На первое место тем временем все больше выпирали практические задачи, прежде всего задачи гражданской войны, продовольствия и транспорта. По всем этим вопросам создавались чрезвычайные комиссии, которые должны были впервые заглянуть в глаза новым задачам и сдвинуть с места то или другое ведомство, беспомощно топтавшееся у самого порога. Мне пришлось в те месяцы возглавлять целый ряд таких комиссий: и продовольственную, в которую входил привлеченный тогда впервые к работе Цюрупа, и транспортную, и издательскую и многие другие.
Что касается дипломатического ведомства, то за вычетом брестских переговоров оно отнимало у меня не много времени. Но дело все же оказалось несколько сложнее, чем я предполагал. Уже на первых порах мне пришлось вступить неожиданно в дипломатические переговоры... с башней Эйфеля.
В дни восстания нам было не до того, чтобы интересоваться иностранными радио. Но теперь, в качестве народного комиссара по иностранным делам, я должен был следить за тем, как относится к перевороту капиталистический мир. Незачем говорить, что приветствий не слышно было ниоткуда. Как ни склонно было берлинское правительство заигрывать с большевиками, оно, однако, пустило с науэнской станции враждебную волну, когда со станции Царского Села передавалось мое радио о победе над войсками Керенского. Но если Берлин и Вена все же колебались между враждой к революции и надеждой на выгодный мир, то все остальные страны, не только воюющие, но и нейтральные, передавали на разных языках чувства и мысли опрокинутых нами господствующих классов старой России. Из этого хора выделялась, однако, своим неистовством башня Эйфеля, которая заговорила в те дни также и на русском языке, очевидно, ища путей к сердцу русского народа. При чтении парижских радио мне казалось иногда, что на верхушке башни сидит сам Клемансо. Я достаточно знал его как журналиста, чтобы узнавать если не его стиль, то по крайней мере его дух. Ненависть захлебывалась в этих радио от собственной полноты, злоба достигала предельного напряжения. Иногда казалось, что радио -- скорпион на башне Эйфеля сам себя ужалит хвостом в голову.

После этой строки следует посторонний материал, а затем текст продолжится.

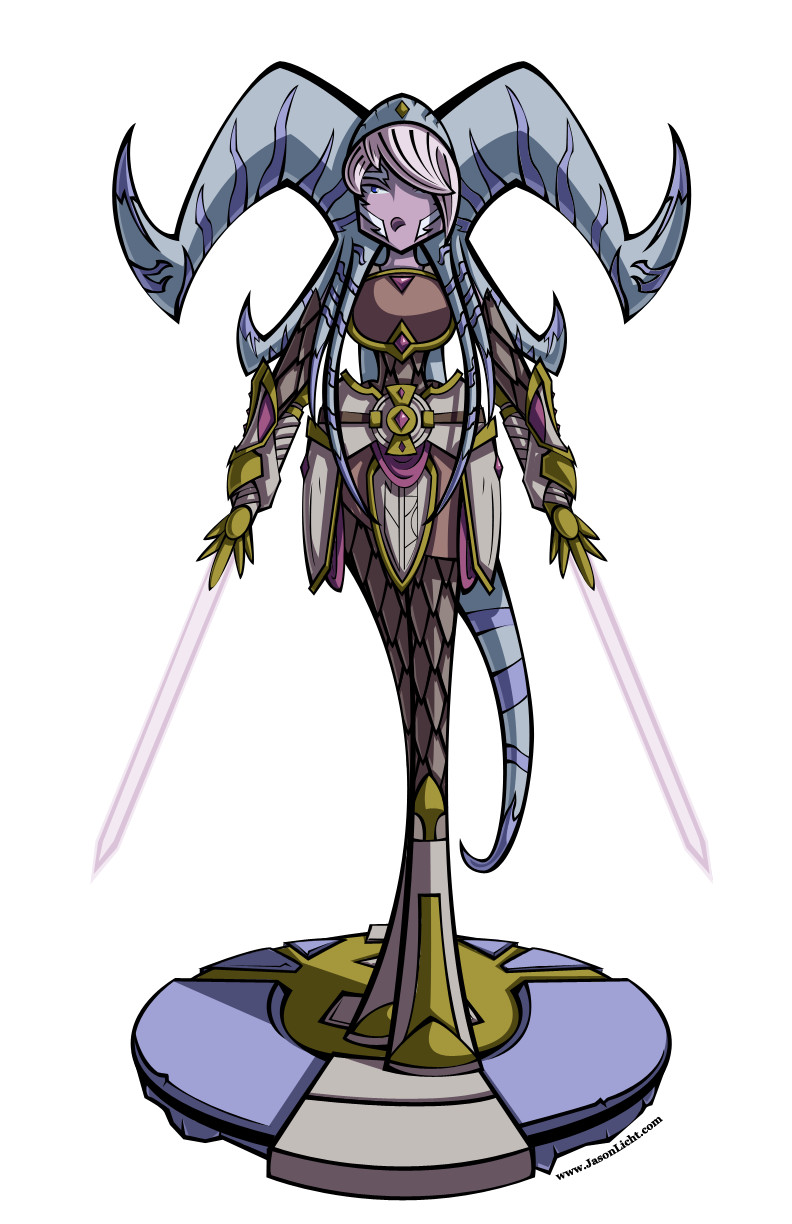 A fusion between Yrel from Warcraft and Ahsoka Tano from Star Wars done of a Facebook challenge.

В нашем распоряжении была царскосельская радиостанция, и у нас не было основания молчать. В течение нескольких дней я диктовал ответы на брань Клемансо. Моих познаний в политической истории Франции было достаточно, чтобы дать не слишком лестную характеристику главных действующих лиц и напомнить кое-что забытое из их биографий, начиная с Панамы. В течение нескольких дней между парижской и царскосельской башнями шла напряженная дуэль. Эфир в качестве нейтральной материи добросовестно передавал аргументы обеих сторон. И что же? Я сам не ожидал столь быстрых результатов. Париж резко переменил тон: он изъяснялся в дальнейшем враждебно, но вежливо. А я не раз потом с удовольствием вспоминал, как мне пришлось начать свою дипломатическую деятельность с обучения башни Эйфеля хорошим манерам.